The Enforcer is a 2022 American action thriller film directed by Richard Hughes, starring Antonio Banderas, Kate Bosworth and Mojean Aria.

Cast
 Antonio Banderas as Cuda
 Kate Bosworth as Estelle
 Mojean Aria as Stray
 Alexis Ren as Lexus
 Zolee Griggs as Billie
 2 Chainz as Freddie
 Mark Smith as Doom
 Luke Bouchier as Paycheck
 Aaron Cohen as Joe
 Kika Georgiou as Medina
 Kostas Sommer as Ronnnie Fedec
 Christos Vasilopoulos as Silvio
 Vivian Milkova as Lola
 Natalie Burn as Olivia

Release
The film premiered in select theatres and On Demand in the United States on 23 September 2022.

Reception
Dennis Harvey of Variety called the film "stylish but shallow" and praised the performance of Banderas.

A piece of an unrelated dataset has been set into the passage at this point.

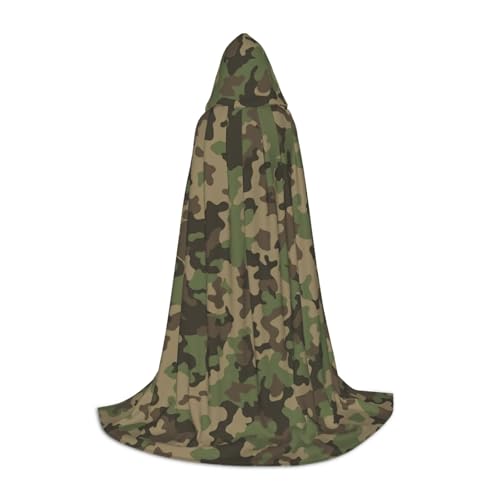 Bkdogkt Grüner Camouflage-Druck, Halloween, vielseitiger Kapuzenumhang, Karneval, Mottoparty, Dekoration, Hexenkostüme von Bkdogkt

Dustin Chase of The Daily News graded the film a "D-" and called it a "cheap film that never tries to make the most of a limited budget." Tara McNara of Common Sense Media rated the film 2 stars out of 5 and wrote that while it "isn't a great film by any stretch of the imagination", it has "exciting" adjustments and has "some heart".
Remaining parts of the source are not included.